Ora, se temos restaurantes de grande nível, “produtos incríveis” e um clima espetacular, o que é que nos falta para atingir esse nível? A resposta do chefe é simples: investigação. “É preciso criar um arquivo cultural, fazer um inventário cultural para perceber o que é Portugal de verdade. Faltam muitas análises e mais investigação”, explicou.
“O restaurante mais bonito do mundo.”
Antes de chegar a Lisboa, Adrià passou alguns dias no Porto, em que teve de oportunidade de visitar alguns restaurantes. E não poupou nos elogios. Sobre a Casa de Chá da Boa Nova, de Rui Paula, afirmou sem rodeios: “É o restaurante mais bonito do mundo. Todas as pessoas que amam a gastronomia têm de ir lá. É incrível, de fazer chorar. Carta de vinhos extraordinária, serviço de três estrelas e comida fantástica. O Rui Paula é fantástico. Este sítio tem uma estrela mas facilmente teria duas.”
A refeição que fez no Euskalduna, de Vasco Coelho Santos, mereceu-lhe igualmente rasgados elogios. Considerou-a “digna de 2 estrelas Michelin”, deixando, pelo caminho, um conselho ao chefe portuense, que foi seu discípulo no El Bulli: “Estás a fazer tudo demasiado bem. Se estás neste nível ao fim de dois anos, o que farás daqui a cinco?”
Adrià sentou-se ainda ao balcão da Marisqueira de Matosinhos e afirmou, a esse respeito, que “em Barcelona não há cinco sítios como este”. Propôs aos presentes no evento o investimento num local de marisco com especiarias. “Foram vocês que descobriram o caminho marítimo para a índia e que trouxeram as especiarias para a Europa”, justificou o catalão.
“Que os jovens cozinheiros sejam melhores que eu”

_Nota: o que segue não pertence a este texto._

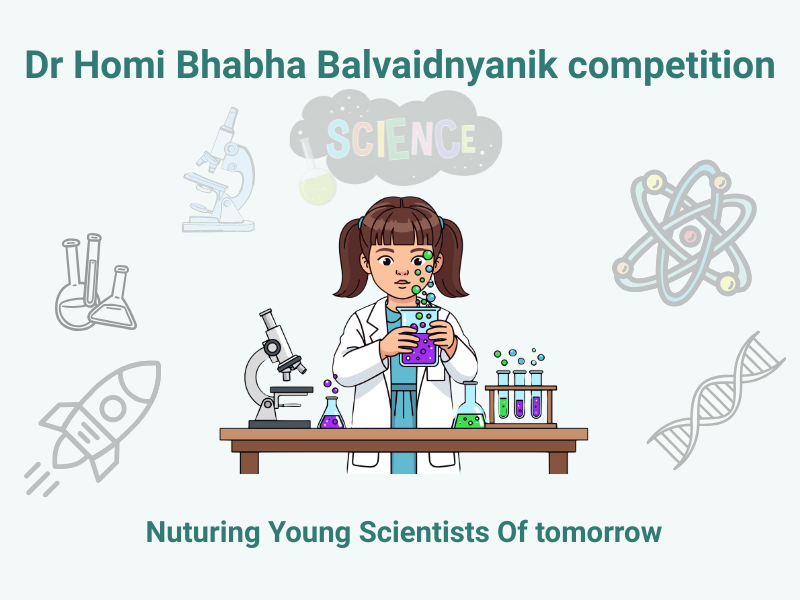 Dr Homi Bhabha Balvaidnyanik Competition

O El Bulli fechou as portas há oito anos, mas o seu legado continua vivo. A El Bulli Foundation prossegue o trabalho do restaurante, seguindo os mesmos princípios: criatividade e inovação, risco e liberdade, paixão e esforço, ética e generosidade. Nos próximos tempos deverá nascer um arquivo-museu com o selo LaBulligrafia e, nas antigas instalações do restaurante, atualmente em renovação, um laboratório criativo intitulado elBulli1846. Todo este trabalho tem, segundo Adrià uma intenção marcada: “Quero que as novas gerações sejam as melhores. Quero que os jovens cozinheiros sejam melhores que eu.” Palavra de mestre.